Naval Safety Center Banner

Go Search

 

May 2012 #2: No, Do-It-Yourself Fireworks Aren’t on the Lesson Plan

1. Welcome to the latest edition of the Summary of Mishaps, another chapter in our ongoing saga of situational awareness (loss of), common sense (lack of), and complacency (no lack of).

A. A private was taking the land-navigation part of the infantry rifleman course when he came across an unexploded artillery simulator. He’d been given the unexploded-ordnance brief, the one that says to keep your cotton-picking fingers off of any that you find. Alas, he must not have been paying attention, because this brief apparently just whetted his appetite to find out why. He lit the flash powder in the simulator. It functioned as advertised. At least he was wearing his protective goggles, so he was able to look in a mirror and say, “Oh, so that’s why you aren’t supposed to play with unexploded ordnance.” He had scorched his face to the tune of four lost days of work and three weeks of light duty.

Y’know what would be nice? If personnel who are taking the land-navigation course would concentrate on land navigation. If do-it-yourself fireworks were part of the curriculum, they’d issue some, along with instructions and PPE.

B. A civilian in Virginia fell in a parking lot while walking to her car to get something that she’d forgotten.

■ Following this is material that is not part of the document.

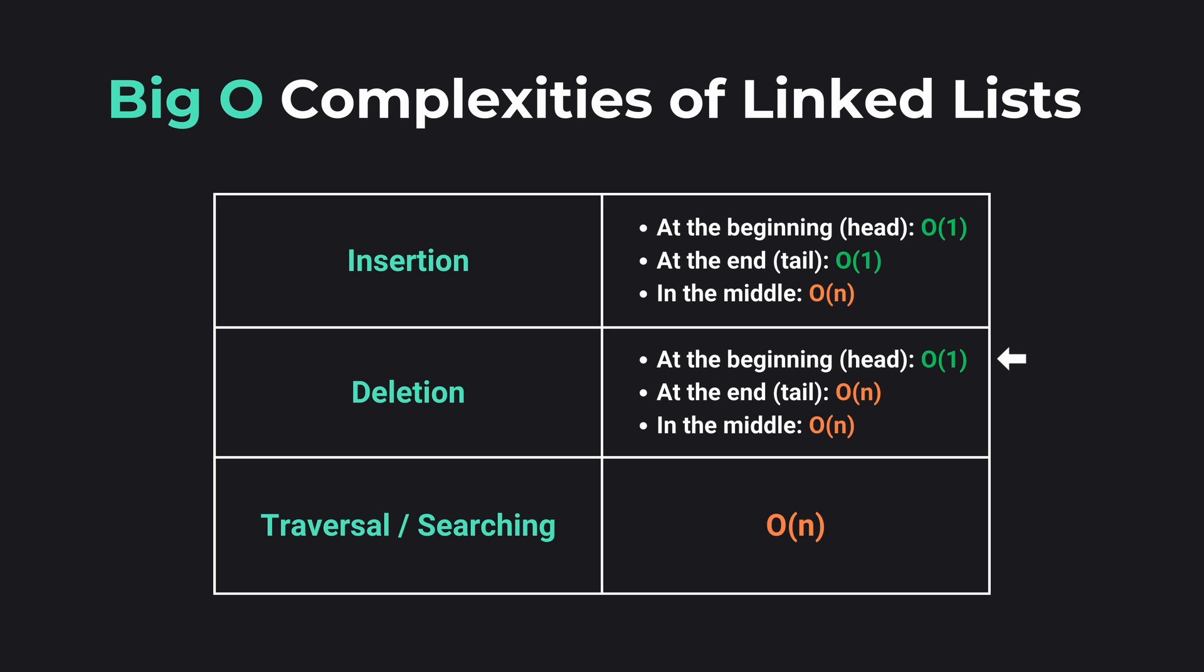Deletion at the beginning is O(1), but at the end or in the middle is O(n) because it again requires traversal to find the second or last node to remove. However, with doubly linked lists it can take O(1) because you have direct access to the tail. Searching is O(n), where n is the number of elements, because we need to traverse from the head to the item.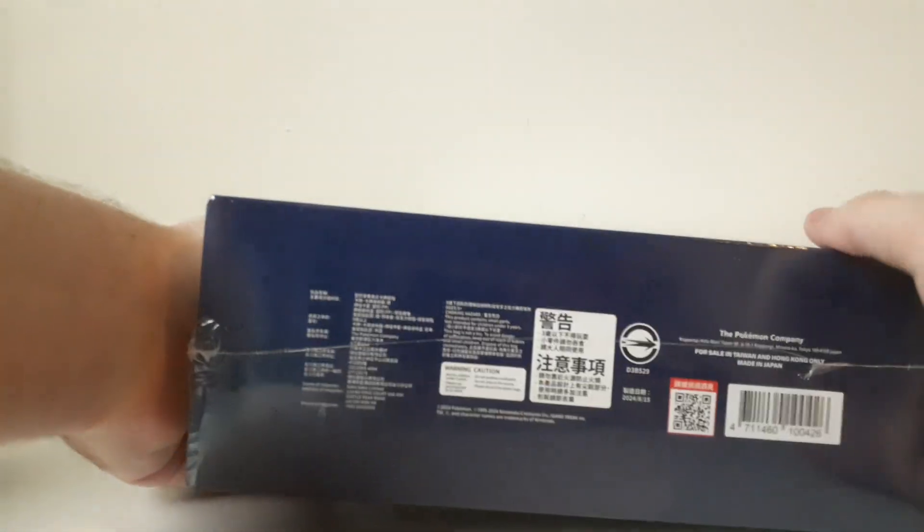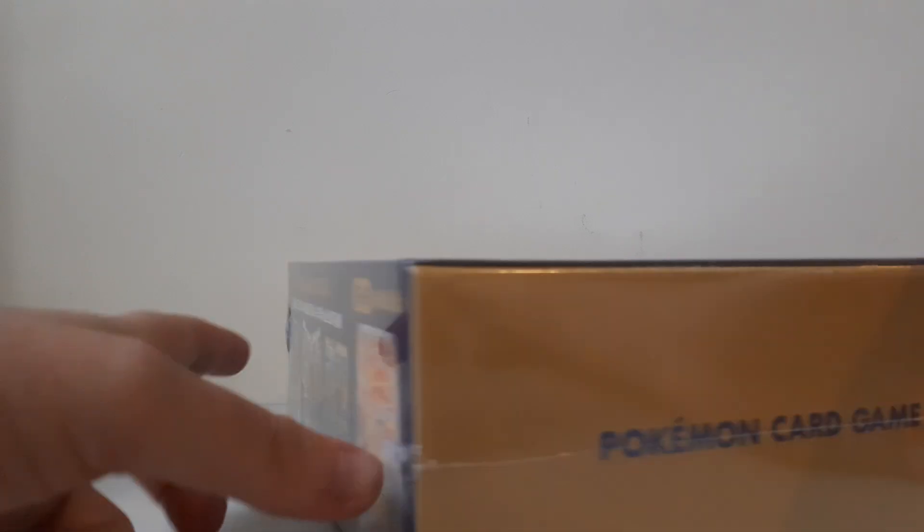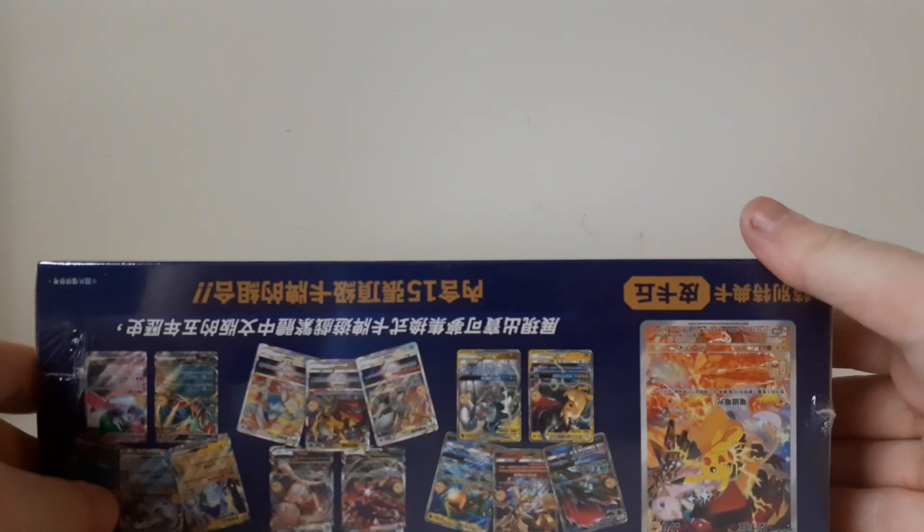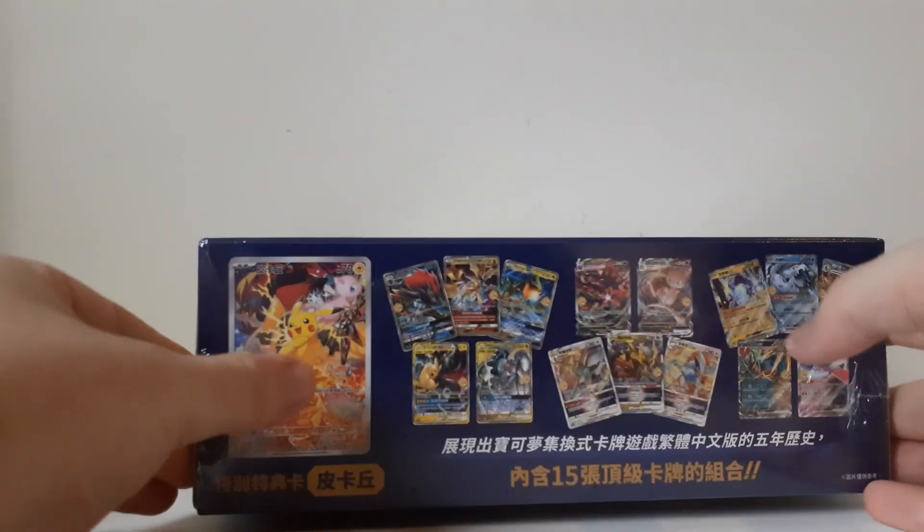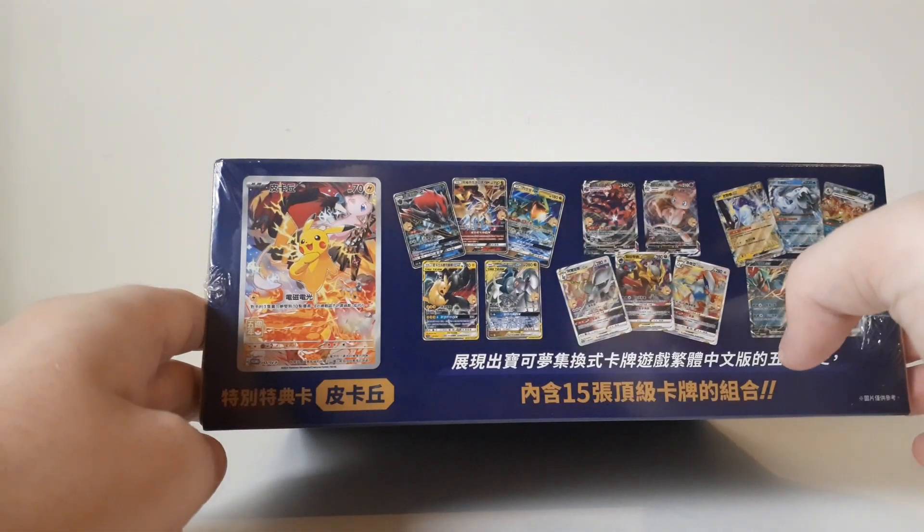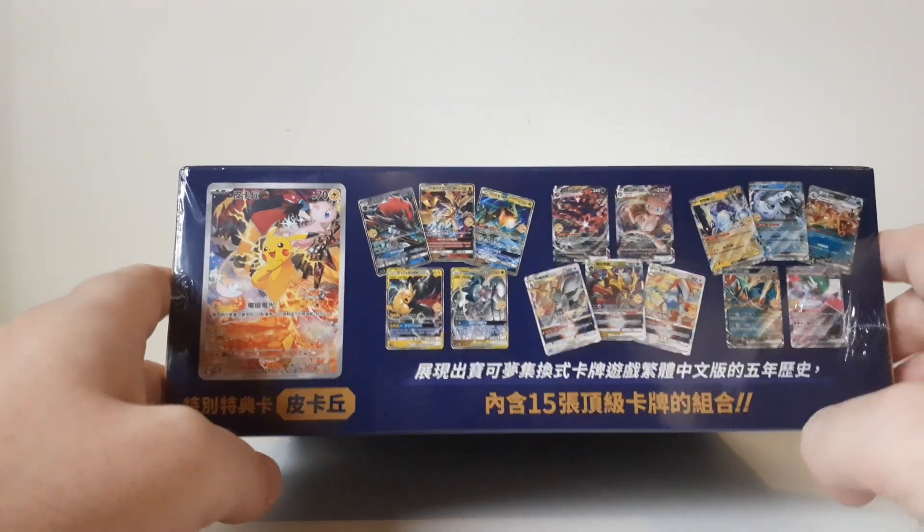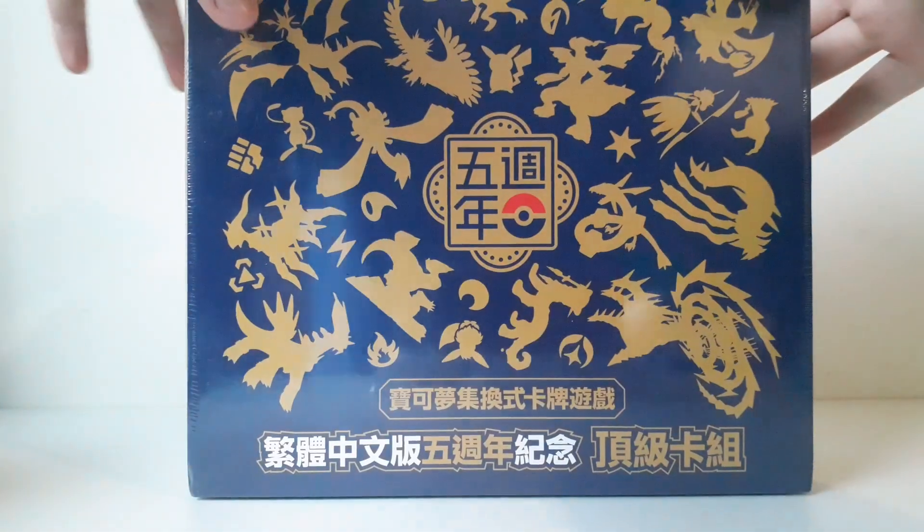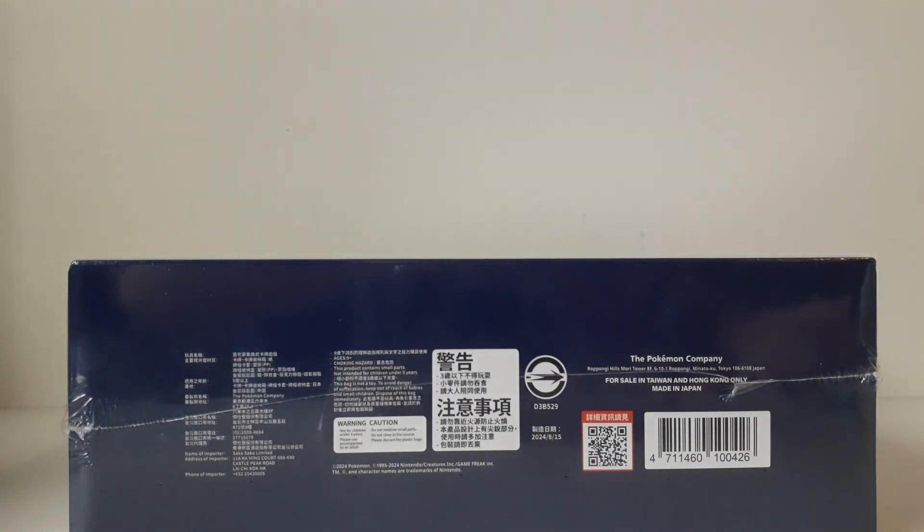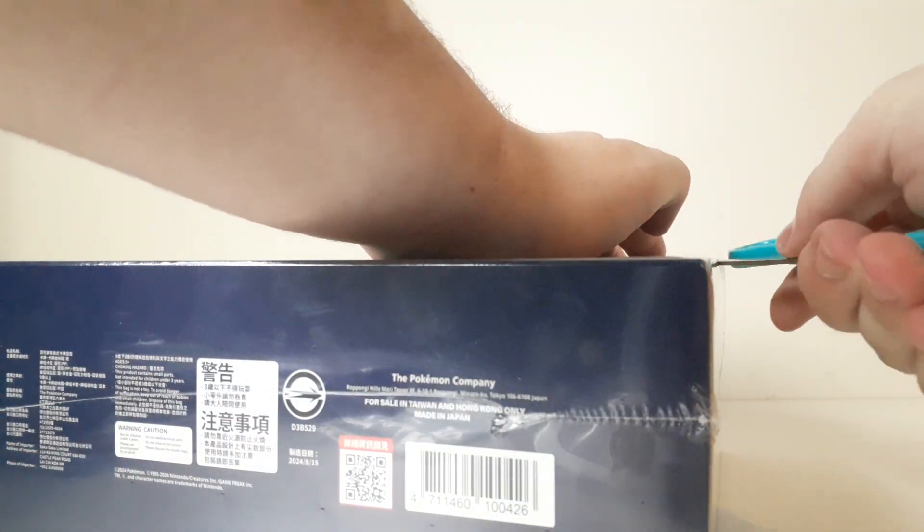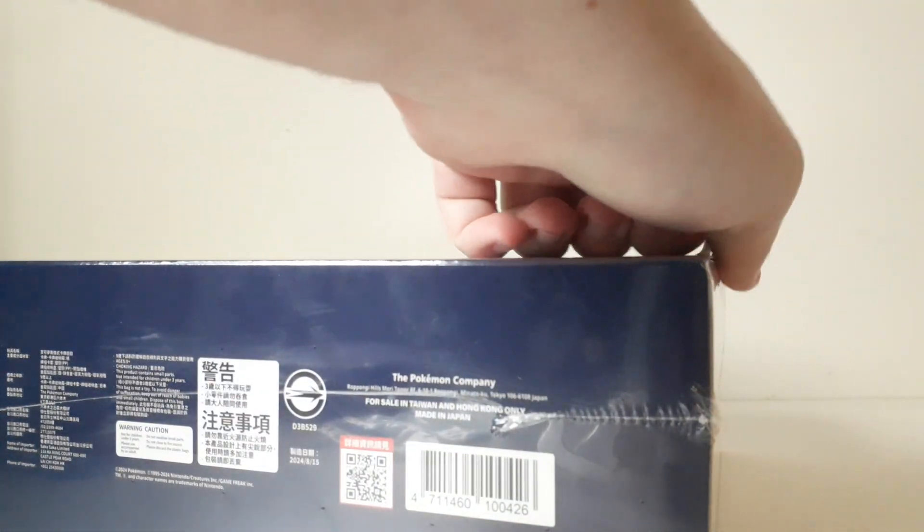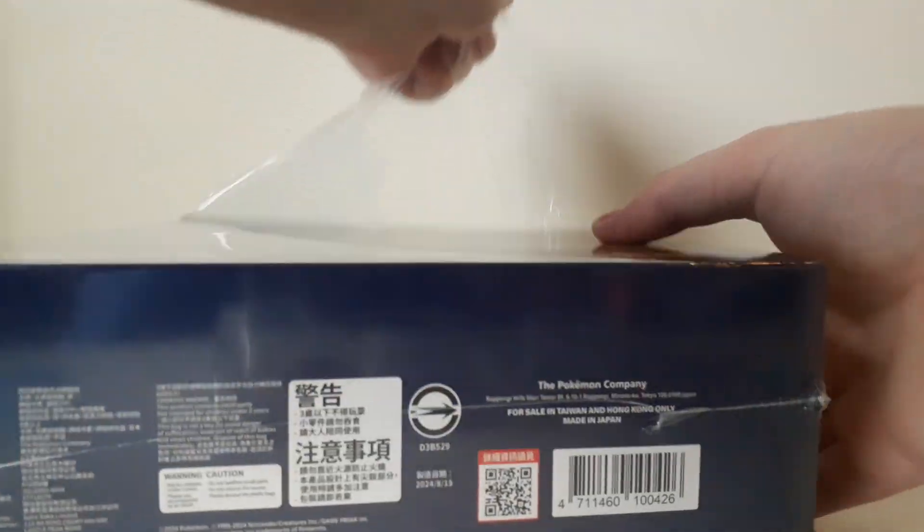I just got it today because obviously it has to come all the way to Europe, but this is a very cool box. As I'm showing you the size here, you can already see it has a, for now, exclusive Pikachu promo. I think it will stay exclusive, and I'll tell you why in a second. Some other promos and a whole super electric breaker traditional Chinese booster box. Probably a smart idea to keep this box sealed in the long run, but...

She “believes she stumbled,” the report said. “A worker nearby said he saw her fall and she appeared to stumble,” the report added.

Got it, she stumbled. But I still have to ask, as opposed to what? Being knocked down by an invisible force field?

C. Time for another Friday Funnies quiz, a chance to exercise your experience, common sense and/or cynicism. The star of this quiz, the mishap report said, “was consuming alcohol in the barracks in a third-deck room.” He “leaned out the window.” What do you think happened?

And we thought balconies were bad enough.

D. A WG-10 worker at a Navy training command was attending something dear to our hearts here at the Naval Safety Center. The report described it as a “20-minute safety campaign training class.” Alas, his absorption of this valuable knowledge was interrupted because his back started to hurt.

Like everyone, I’ve been to a boatload of safety training during my career. It hasn’t always been particularly stimulating. Often, truth be told, I found it to be (how shall I put this) “relaxing.” But it was never physically painful.

Perhaps (the report suggested) the reason for the worker’s back pain was that he was wearing tennis shoes, was standing on a hard surface, and had injured his back the previous August. “Chairs were available,” the report added.

There’s nothing quite like a casualty during safety training to brighten up a safety officer’s day.

2. That's all for this week, amigos. Until we meet again, be careful out there, and if someone asks whether you read the label, the recommended answers are either “Yes” or “No, I’ll read it right now.” The answer isn’t “Label? I don’t need no stinkin’ label.”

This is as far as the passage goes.